Redlands, California, U.S. (March 25, 2015)– More than 1,700 students, faculty, staff, special guests, members of the public and spiritual followers were in attendance Tuesday night as the 17th Karmapa, Ogyen Trinley Dorje, was granted an honorary academic degree and gave a live-streamed address, "Living Interdependence."
University President Dr. Ralph W. Kuncl conferred an Honorary Doctor of Humane Letters degree upon the Karmapa. Dr. Karen Derris, Professor of Religious Studies and Virginia Hunsaker Chair in Distinguished Teaching, read a proclamation highlighting the Karmapa's achievements in global communication, teaching, and learning and his close connection with the University's students, according to reports.
President Kuncl said, "We were thrilled to gather last evening with our University community, special friends and family members, many new visitors to our campus, and untold thousands around the world who viewed live on the Web, to present His Holiness the 17th Gyalwang Karmapa, Ogyen Trinley Dorje, an honorary degree – the first-ever to be conferred upon His Holiness.

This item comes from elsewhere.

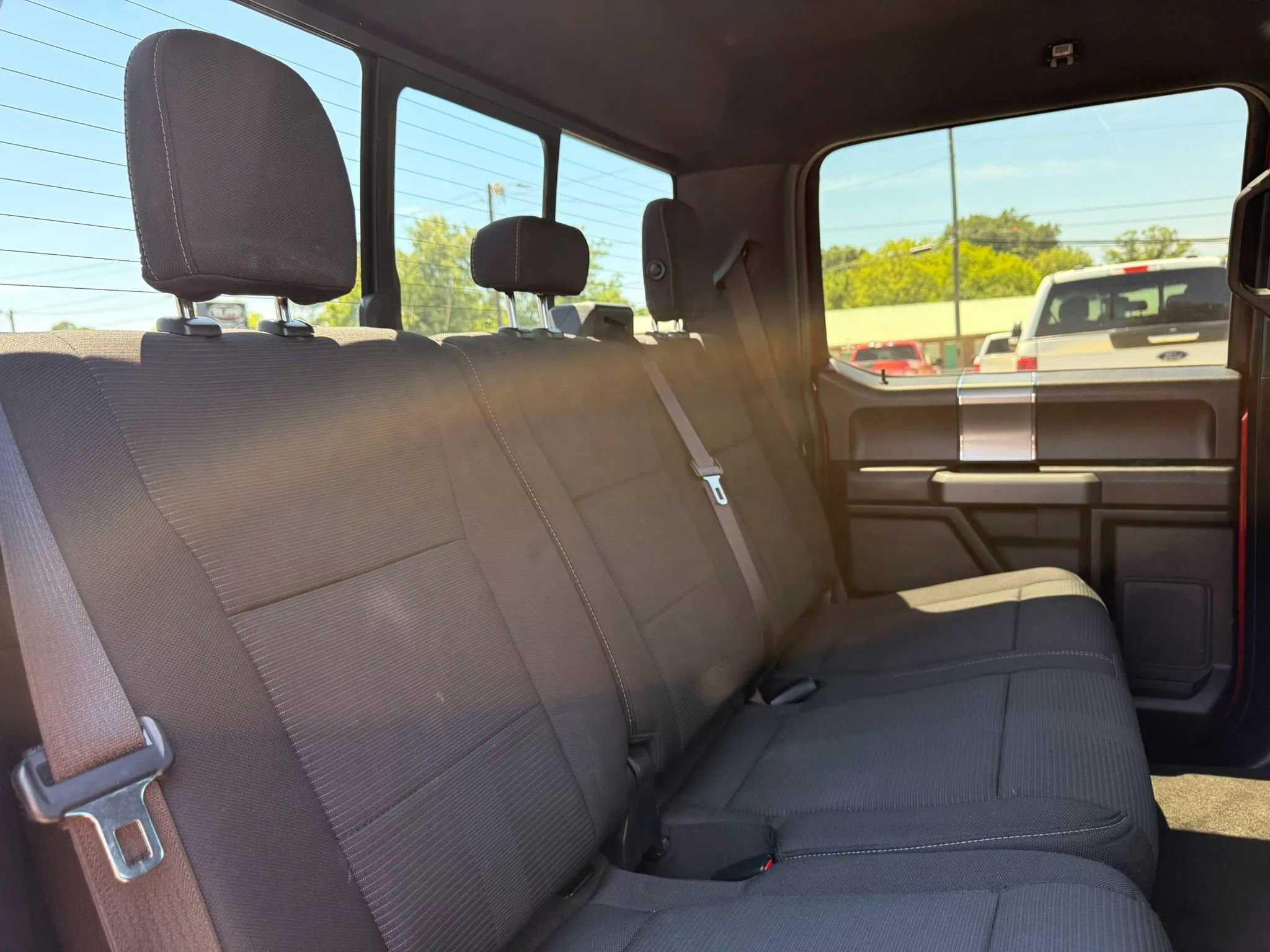 Used 2015 Ford F150 XLT w/ Equipment Group 302A Luxury AWD/4WD image 33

We thank and honor His Holiness for his kindness to our students who learned from him at his home in India and engaged with him during his visit this week, and for his universal teachings of peace, tolerance and understanding."
The Karmapa – a 29-year-old Buddhist spiritual leader who heads the 900-year-old Karma Kagyu school of Tibetan Buddhism and guides millions of Buddhists around the world – visited the University Monday and Tuesday during the only Southern California stop of his two-month trip to the United States.

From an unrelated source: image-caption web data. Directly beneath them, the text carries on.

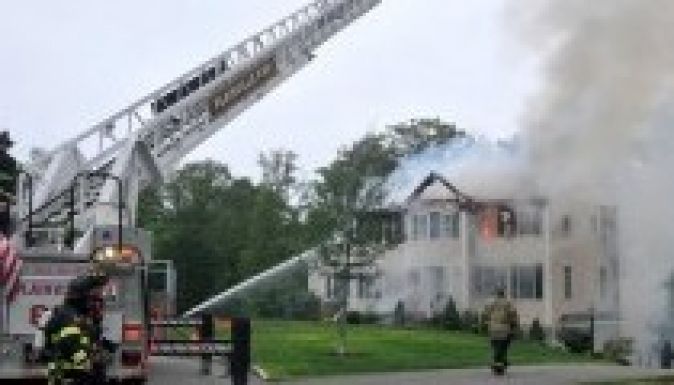 Repülő csapódott a kertvárosi házukba, de élve megúszták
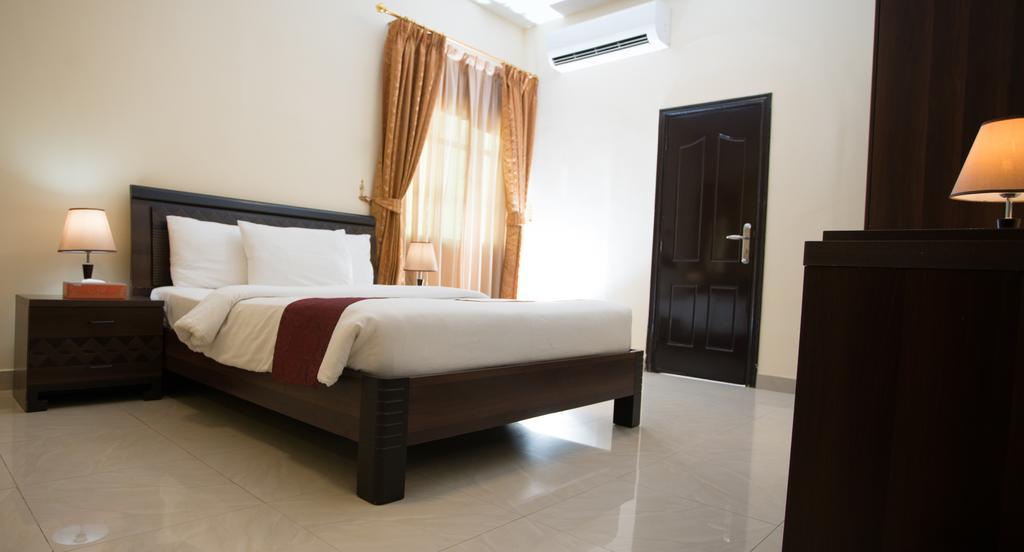 Tiger Home Hotel Apartments มัสกัต ภายนอก รูปภาพ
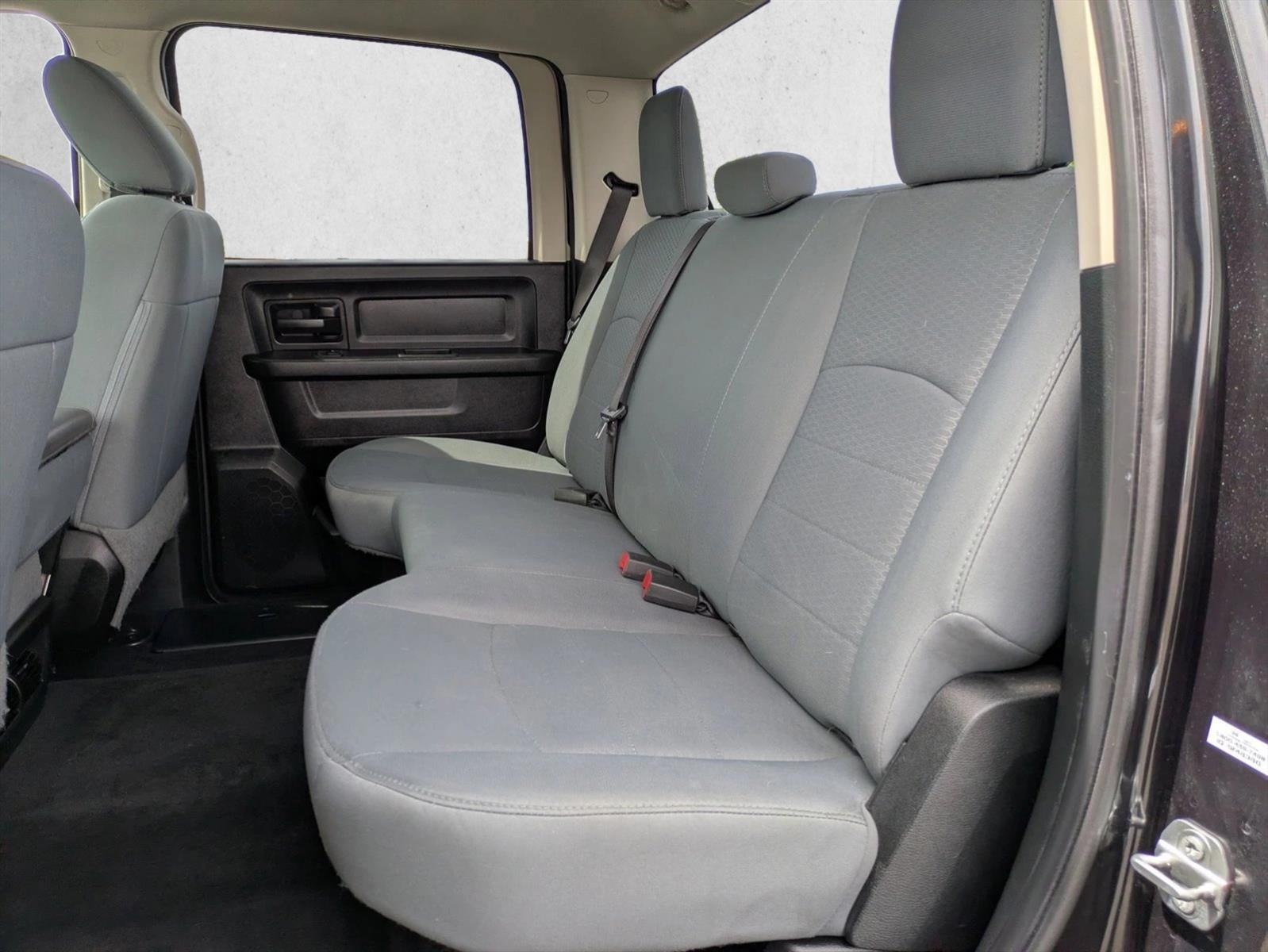 2018 RAM 1500 Express 4x4 Crew Cab 5'7" Box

"I have a very special connection with the University of Redlands," the Karmapa said. "The two occasions that students came for the courses in India were wonderful experiences for me.

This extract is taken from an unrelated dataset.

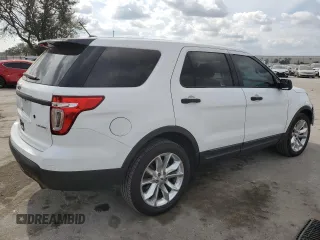 2013 Ford Utility Police Interceptor with VIN 1FM5K7AR2DGC92586, listed as a Copart auction lot 44148855 with 104,693 mi miles and Salvage Title. Bid and sale history available at carsss.com. Image 3.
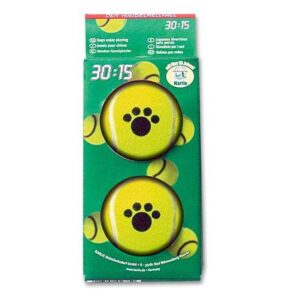 Entdecken Sie unser hochwertiges Tennisspielzeug, das bei Hunden jeden Alters äußerst beliebt ist. Dieses vielseitige Spielzeug eignet sich perfekt zum Werfen, Apportieren und für spannende Zerrspiele. Erhältlich in verschiedenen Formen wie Knochen, Boomerang, Stick oder Ball mit Seil, sorgt es für stundenlangen Spielspaß und Freude. Die Tennisballartikel aus der Serie 30:15 garantieren ein unvergessliches Spielerlebnis, während das ansprechende Pfötchenaufdruck-Design für zusätzlichen Charme sorgt. Unsere Tennisbälle im praktischen 2er Set haben einen Durchmesser von ca. 6 cm und sind in verschiedenen Größen erhältlich, sodass Sie das ideale Spielzeug für Ihren Hund finden können. Holen Sie sich jetzt das beste Tennisspielzeug für Ihren vierbeinigen Freund und genießen Sie unvergessliche Spielmomente!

Among the many reasons to visit here today, my favorite is to be able to reunite with old friends. Being here feels like coming home." "I can see that many people of today's generation of youth are aware of the responsibility they have for the future of this planet," he added.
"In speaking to them on this trip, I want to encourage them to see that responsibility not as a burden, but as an opportunity." During his visit the Karmapa met with faculty and students, attended a religious studies class, toured the campus, and even visited with the University's live mascot, a bulldog named Thurber.
The Karmapa also reunited with 20 former Redlands students who came back to campus just to visit with him again. In 2011 and 2013, students from Derris' Johnston Center for Integrative Studies seminars traveled to India to learn from the Karmapa.
His conversations with the first group of students formed the basis of his book, The Heart is Noble: Changing the World from the Inside and Out (Shambala, 2013), which was co-edited by Derris. A second book, also co-edited by Derris, is forthcoming based on the group that traveled in 2013.